The General Assembly, along with the Virginia legislature and the D.C. city council, are considering legislation to create a dedicated funding stream for the Washington Metropolitan Area Transit Authority (WMATA).
Maryland Matters points out that the Washington, D.C. area metro system is the “only transit system of its size without a dedicated source of capital funds.” The system has experienced a number of safety-related issues in recent years due to years of lack of investment in maintenance.
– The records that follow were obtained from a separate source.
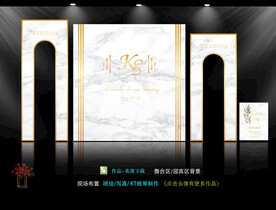 大理石婚礼 婚礼背景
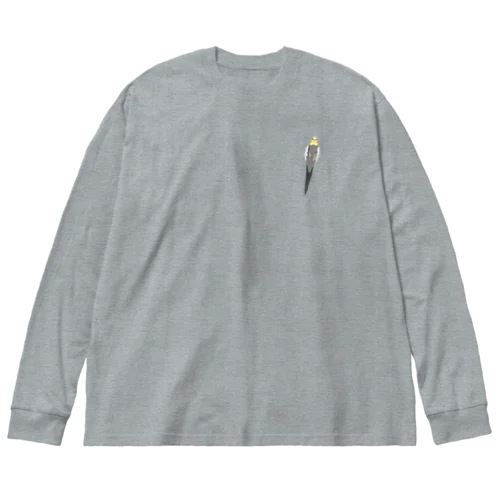 オカメ Big Long Sleeve T-Shirt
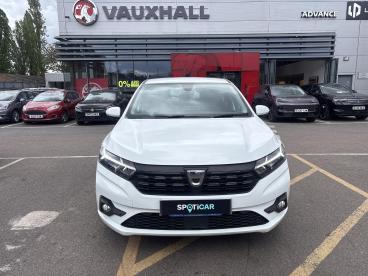 SPOTICAR Dacia Sandero 1.0 Tce Comfort Euro 6 (s/s) 5dr Used Car - City Car Petrol White - Romford - 1200597315_2
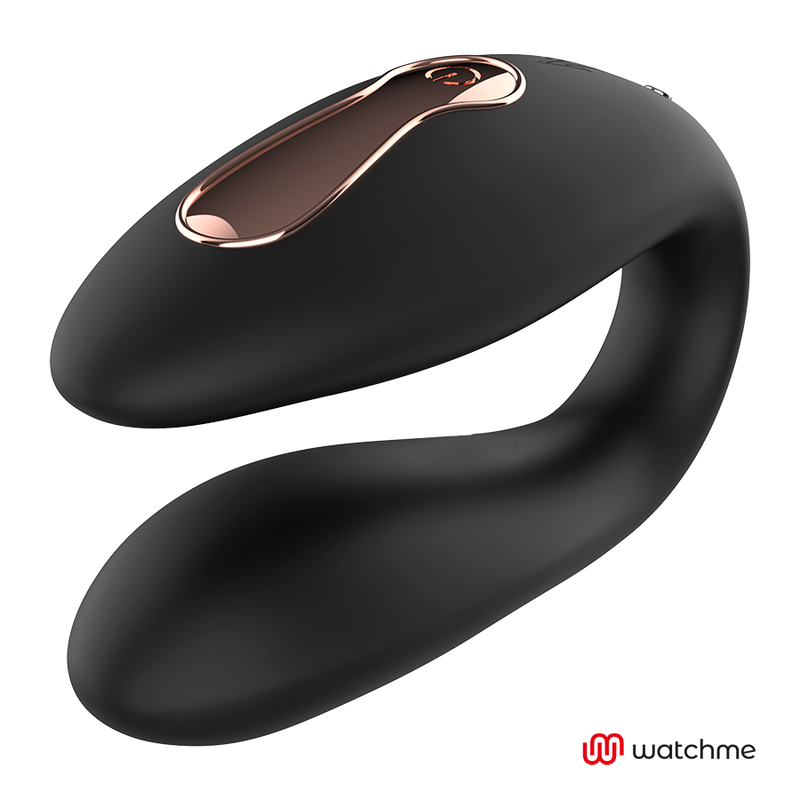 Vibromasseur Couple Dual Pleasure Montre Watchme 2 Moteurs - Anne's Desire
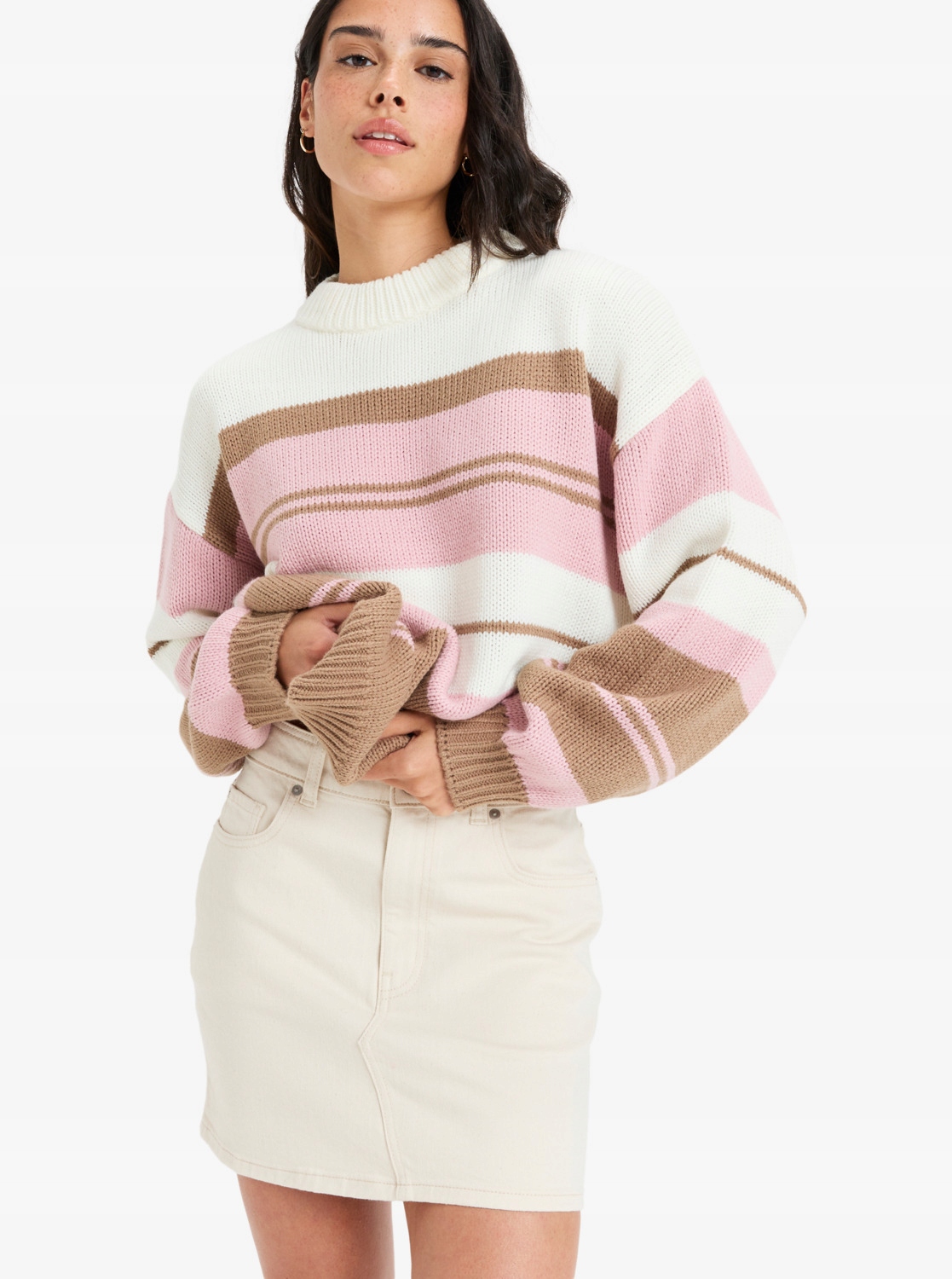 Roxy Dámský svetr „Love Again Pullover“ vel. L -35%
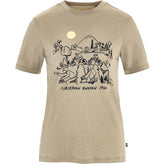 Hoja Lugnt Wool T-shirt W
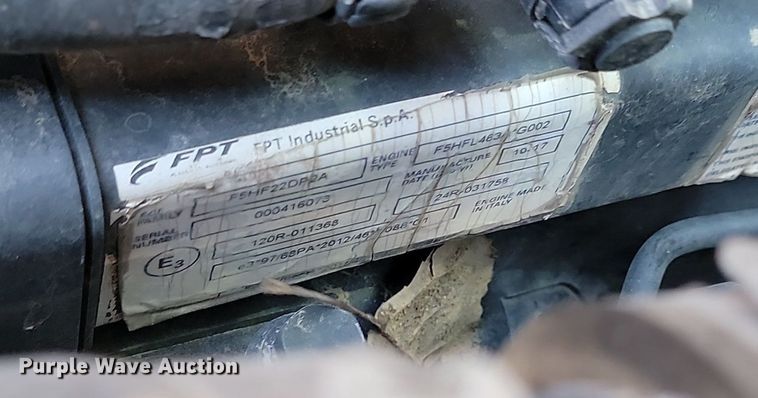 image for item DP3487 2018 Case  TR270 tracked skid steer loader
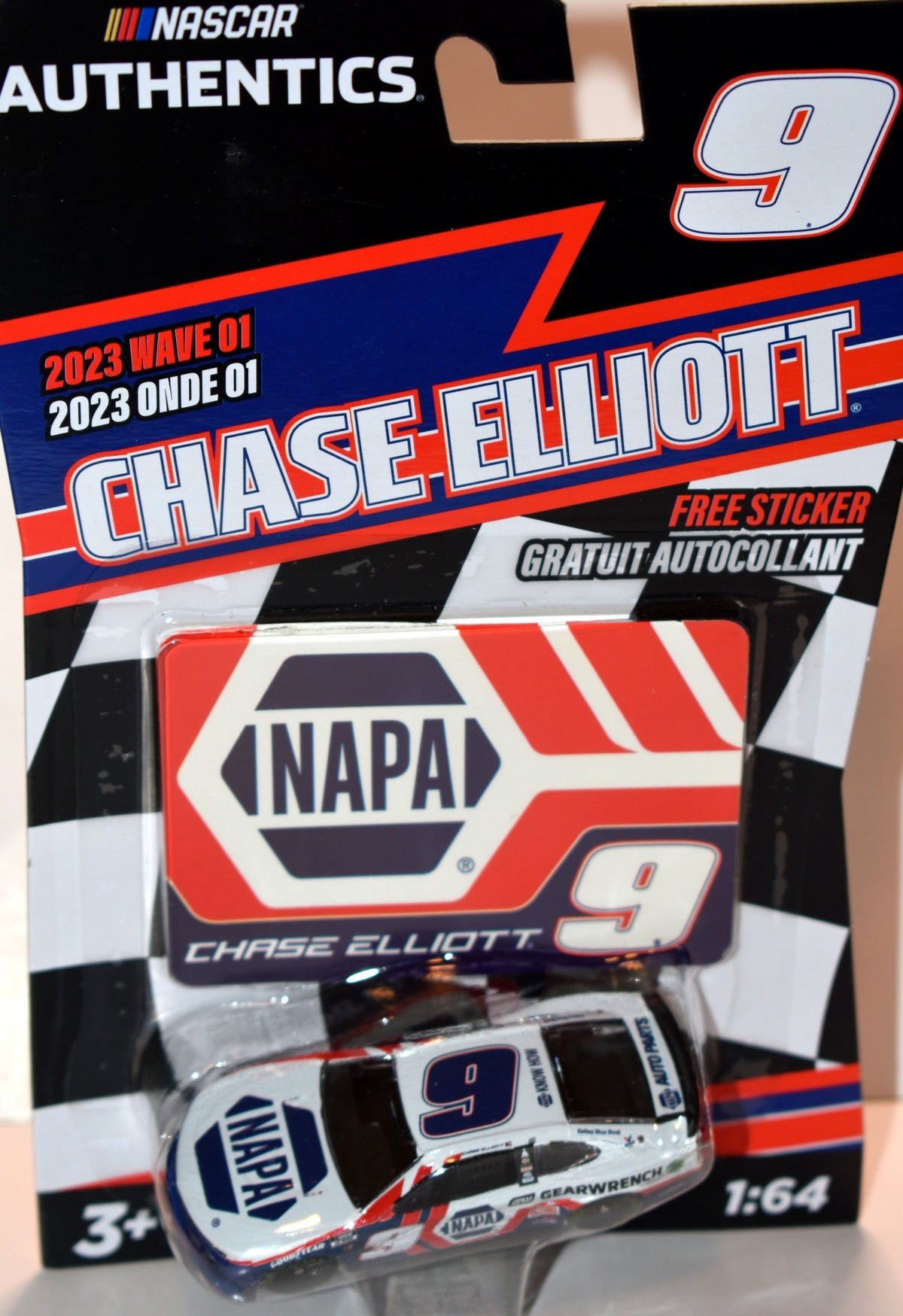 NASCAR Authentics Hendrick Motorsports - Chase Elliott NAPA  Chevrolet Camaro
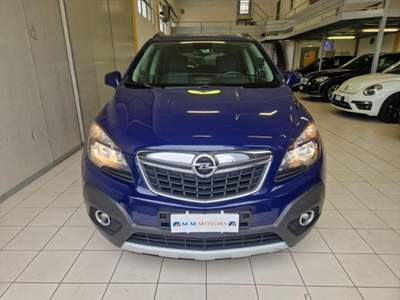 Opel Mokka 1.6 Ecotec 115CV 4x2 Start&Stop Ego Blu/Azzurro usata COLOGNO MONZESE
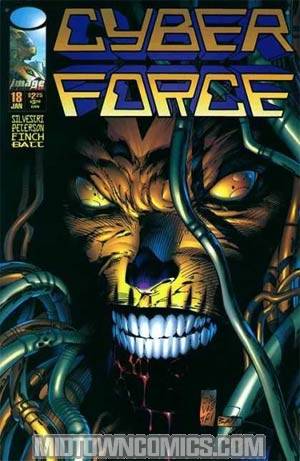 Cyberforce Vol 2 #18 Cover B Marc Silvestri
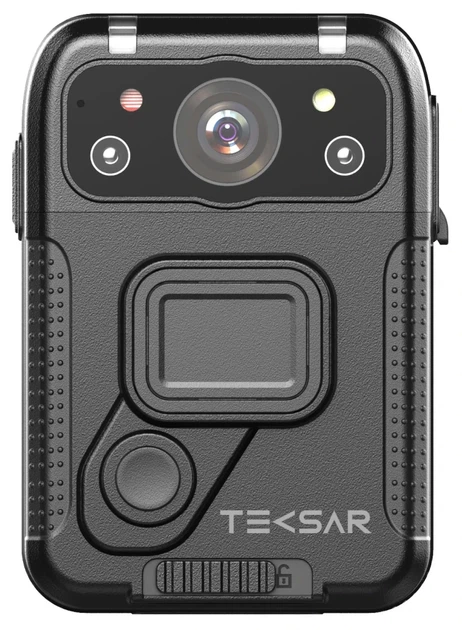 Нагрудный видеорегистратор Tecsar BDCam 29-64GWBE-4G - изображение 2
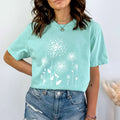 Тениска Relaxed Fit Fuzzy Flower
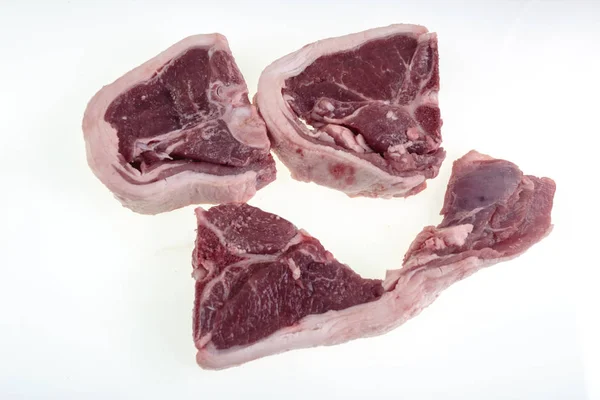 Lamb Cuts - Loin Chops — Stock Photo, Image
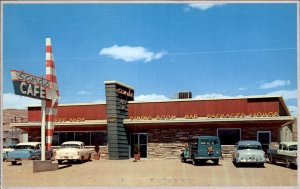 Rock Springs Wyoming Sands Cafe Cocktail Lounge c1950-60s Vintage Postcard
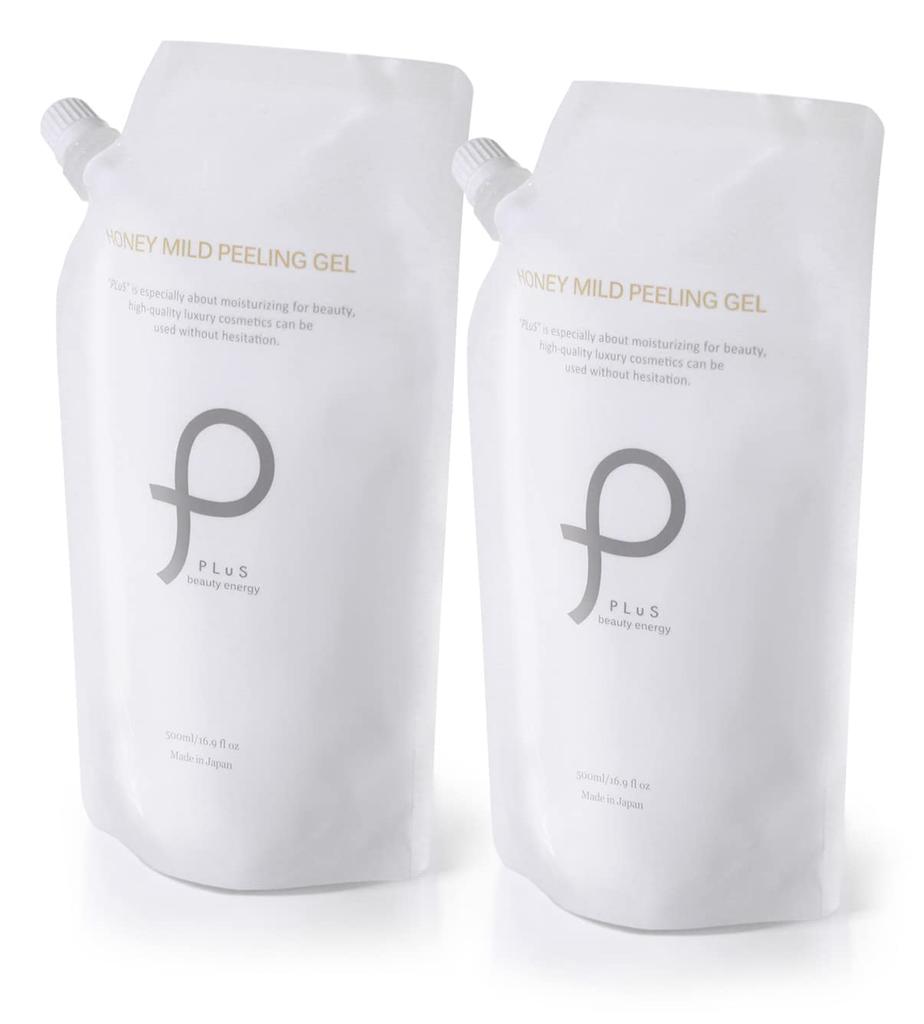 PLuS Placenta Moisture Milk with Hyaluronic and Placenta In of 2 500ml EGF, Acid, (Made Japan) (Set Pouches)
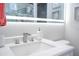 Bathroom with modern sink and LED lit mirror at 14039 Hampshire Bay Cir, Winter Garden, FL 34787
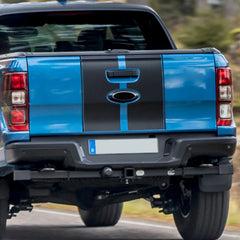 Full Body Stripe Vinyl Decal for Ford Ranger / Raptor (2015–2018) | Hood, Roof, Door & Back Door Graphics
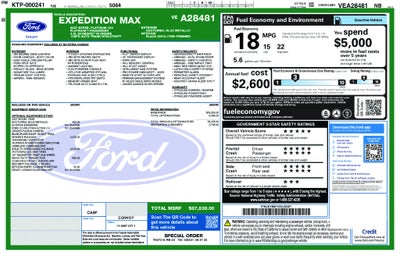 2027 Ford Expedition Max Platinum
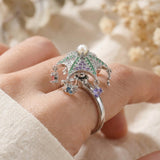 Spinning Merry-Go-Round Ring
The Maryland Metro Funding Act, Senate Bill 277/House Bill 372, would create the Maryland Metro Dedicated Fund Account within the Transportation Trust Fund (TTF) to provide an annual grant of $125 million annually for WMATA’s capital costs. This amount would increase by 3 percent annually. It would be funded by motor vehicle excise tax revenue and any other money appropriated by the State to the account.
According to the bill’s fiscal note, the legislation does NOT alter the amount of motor vehicle excise revenue that flows into the account used to pay local governments their highway user revenues.
Virginia and Washington, D.C. are also considering legislation to provide at least $125 million annually to WMATA. From Maryland Matters:
Along with hoped-for federal funds, the resulting $500 million “would mean we could borrow $15 billion over the next 10 years,” Metro Board Chairman Jack Evans said in an interview.
Evans, chairman of the D.C. Council’s Finance and Revenue Committee, is sponsor of a measure to dedicate a portion of the city’s existing sales tax to transit. A measure being debated in Richmond would provide Virginia’s share using different sources.
“It’s the most critical thing since the founding of Metro,” Evans told Maryland Matters, a sentiment echoed by Feldman, who told his colleagues, “We’re at a moment in which the three jurisdictions are aligning for the first time in 50 years.”